A great way to learn about technology features is to practice with your team. Schedule a meeting to learn about the technology and how to use its features. It will create unity within your team as you share in a learning experience that will help all of you.
Have you had those meetings where no one offers any comments, where people don’t turn their cameras on, where there is no chatting in the chat section? These all could be signs that people don’t really want to be there.
Employees have different schedules than their manager and I often hear that a manager will put meetings on the calendar without taking into consideration other time constraints of their team. This leads to frustration. Employees have to move around recurring meetings or other project meetings to work around the schedule of the manager, which often leads to them doing work during that meeting that was scheduled.
Then, the frustration is compounded because the meeting turns out to be informational only. This isn’t a productive use of time. Employees want information and need it to do their jobs, but scheduling one more meeting to share information they can read on their own seems wasteful.

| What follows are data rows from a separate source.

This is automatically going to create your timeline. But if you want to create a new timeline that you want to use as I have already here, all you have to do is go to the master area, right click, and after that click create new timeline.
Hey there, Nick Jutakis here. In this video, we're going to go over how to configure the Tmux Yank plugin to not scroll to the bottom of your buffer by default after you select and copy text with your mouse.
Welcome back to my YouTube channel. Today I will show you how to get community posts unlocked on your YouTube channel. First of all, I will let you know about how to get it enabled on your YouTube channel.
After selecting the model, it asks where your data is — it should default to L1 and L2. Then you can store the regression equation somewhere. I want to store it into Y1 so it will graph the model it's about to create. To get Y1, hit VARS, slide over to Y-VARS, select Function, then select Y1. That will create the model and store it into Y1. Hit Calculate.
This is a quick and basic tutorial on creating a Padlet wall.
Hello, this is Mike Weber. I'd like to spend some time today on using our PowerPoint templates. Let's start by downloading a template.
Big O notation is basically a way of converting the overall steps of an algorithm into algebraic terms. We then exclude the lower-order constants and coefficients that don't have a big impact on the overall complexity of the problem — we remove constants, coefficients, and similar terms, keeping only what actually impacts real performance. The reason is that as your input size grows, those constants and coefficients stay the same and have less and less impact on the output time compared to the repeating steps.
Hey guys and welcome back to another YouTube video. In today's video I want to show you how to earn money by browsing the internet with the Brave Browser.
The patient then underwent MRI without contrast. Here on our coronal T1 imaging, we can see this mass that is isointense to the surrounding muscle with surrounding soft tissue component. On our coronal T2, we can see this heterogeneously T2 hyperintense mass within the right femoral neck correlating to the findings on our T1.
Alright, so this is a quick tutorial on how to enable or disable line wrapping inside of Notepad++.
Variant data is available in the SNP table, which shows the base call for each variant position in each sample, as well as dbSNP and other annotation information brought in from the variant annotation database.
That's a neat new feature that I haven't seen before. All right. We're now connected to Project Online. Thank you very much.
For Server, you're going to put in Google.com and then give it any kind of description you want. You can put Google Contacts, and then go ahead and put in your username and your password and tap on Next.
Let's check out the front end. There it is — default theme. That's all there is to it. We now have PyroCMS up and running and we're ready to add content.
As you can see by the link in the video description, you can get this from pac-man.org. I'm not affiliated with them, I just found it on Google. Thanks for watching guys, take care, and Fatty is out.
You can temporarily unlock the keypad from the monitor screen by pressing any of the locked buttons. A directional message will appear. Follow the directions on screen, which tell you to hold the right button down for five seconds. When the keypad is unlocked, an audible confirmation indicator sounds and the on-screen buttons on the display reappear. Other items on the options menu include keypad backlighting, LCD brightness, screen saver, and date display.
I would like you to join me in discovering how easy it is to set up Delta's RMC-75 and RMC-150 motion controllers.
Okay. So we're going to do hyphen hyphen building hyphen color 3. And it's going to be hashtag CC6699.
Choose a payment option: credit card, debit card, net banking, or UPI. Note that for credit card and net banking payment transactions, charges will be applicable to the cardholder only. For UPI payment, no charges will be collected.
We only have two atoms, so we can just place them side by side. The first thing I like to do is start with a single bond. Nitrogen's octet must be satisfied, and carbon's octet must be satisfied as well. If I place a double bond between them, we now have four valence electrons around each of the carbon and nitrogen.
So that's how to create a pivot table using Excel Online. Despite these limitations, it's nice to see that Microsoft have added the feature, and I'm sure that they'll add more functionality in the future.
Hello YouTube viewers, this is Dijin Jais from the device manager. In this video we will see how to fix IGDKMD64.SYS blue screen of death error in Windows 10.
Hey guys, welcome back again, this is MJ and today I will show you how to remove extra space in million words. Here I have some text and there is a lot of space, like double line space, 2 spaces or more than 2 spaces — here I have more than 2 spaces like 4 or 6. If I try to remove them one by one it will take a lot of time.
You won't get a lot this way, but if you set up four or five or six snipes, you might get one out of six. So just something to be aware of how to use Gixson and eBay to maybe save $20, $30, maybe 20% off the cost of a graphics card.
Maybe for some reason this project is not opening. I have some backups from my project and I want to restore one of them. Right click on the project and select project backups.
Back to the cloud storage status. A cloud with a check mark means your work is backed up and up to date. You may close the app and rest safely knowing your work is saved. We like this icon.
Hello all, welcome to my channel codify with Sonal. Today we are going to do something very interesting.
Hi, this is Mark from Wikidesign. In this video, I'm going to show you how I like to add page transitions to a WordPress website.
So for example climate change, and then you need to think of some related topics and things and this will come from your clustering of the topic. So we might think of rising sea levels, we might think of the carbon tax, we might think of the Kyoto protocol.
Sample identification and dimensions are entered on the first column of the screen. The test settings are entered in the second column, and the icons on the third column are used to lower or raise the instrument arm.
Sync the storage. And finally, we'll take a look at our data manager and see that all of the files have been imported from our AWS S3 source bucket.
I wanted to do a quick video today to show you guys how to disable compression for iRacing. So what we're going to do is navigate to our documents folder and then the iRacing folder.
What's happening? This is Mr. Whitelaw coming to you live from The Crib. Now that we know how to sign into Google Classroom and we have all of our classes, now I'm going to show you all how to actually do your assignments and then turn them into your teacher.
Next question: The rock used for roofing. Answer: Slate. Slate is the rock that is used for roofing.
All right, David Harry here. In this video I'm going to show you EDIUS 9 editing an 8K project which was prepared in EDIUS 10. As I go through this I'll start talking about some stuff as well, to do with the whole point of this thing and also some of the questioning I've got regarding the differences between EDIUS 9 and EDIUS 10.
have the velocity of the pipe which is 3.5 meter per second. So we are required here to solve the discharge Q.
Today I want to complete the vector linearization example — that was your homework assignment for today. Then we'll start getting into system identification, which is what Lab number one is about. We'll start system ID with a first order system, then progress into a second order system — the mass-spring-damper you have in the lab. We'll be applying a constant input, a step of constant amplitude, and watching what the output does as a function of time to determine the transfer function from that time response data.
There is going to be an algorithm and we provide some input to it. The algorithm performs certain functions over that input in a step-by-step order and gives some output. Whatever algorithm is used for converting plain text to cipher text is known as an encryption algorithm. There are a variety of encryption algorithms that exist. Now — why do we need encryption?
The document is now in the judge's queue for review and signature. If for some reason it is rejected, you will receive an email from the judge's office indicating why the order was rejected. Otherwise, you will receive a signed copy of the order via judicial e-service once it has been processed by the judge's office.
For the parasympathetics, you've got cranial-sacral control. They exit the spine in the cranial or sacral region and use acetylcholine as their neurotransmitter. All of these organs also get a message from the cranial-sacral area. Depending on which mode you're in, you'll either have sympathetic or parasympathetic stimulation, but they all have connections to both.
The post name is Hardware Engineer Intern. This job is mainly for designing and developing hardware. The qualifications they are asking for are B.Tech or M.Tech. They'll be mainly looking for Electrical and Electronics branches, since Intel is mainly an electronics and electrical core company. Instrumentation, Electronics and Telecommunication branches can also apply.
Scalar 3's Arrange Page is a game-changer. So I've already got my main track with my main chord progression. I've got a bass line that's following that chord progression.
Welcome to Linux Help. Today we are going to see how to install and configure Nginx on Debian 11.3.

A better way forward is to assess what information is really read-only and what information they may have feedback on, or you need their input on. Send the one-way information by email and then schedule an interactive meeting where a two-way conversation can take place in a beneficial manner for both sides. You’ll also want to survey the team and find the best time that works for their schedules before putting that meeting on the calendar.
In addition, learn how to facilitate a virtual meeting. Interaction doesn’t happen in the same way as an in-person meeting, and you need and want that input from your team. One way to do this is to add an ice breaker such as a show-n-tell. Have each person share one item in their home office that helps them stay on track. You’ll get them to turn on their cameras, share personal information which builds trust, and start the two-way conversations. Another great addition to a virtual meeting is assigning roles, like a moderator to monitor the chat and Q&A sections, so you don’t miss them; a timekeeper to make sure you don’t run over; and an online scribe to notate decisions and action items the group agrees to. The online notes can be referred to during the meeting and be used as a great closer where everyone can review, update, and agree—in real time—on what’s going to happen after the meeting.
Many of us have become de facto virtual leaders due to the new remote workplace, but that doesn’t mean we’re good at it. It’s time to check your skillset and make sure you’re the virtual leader every employee wants.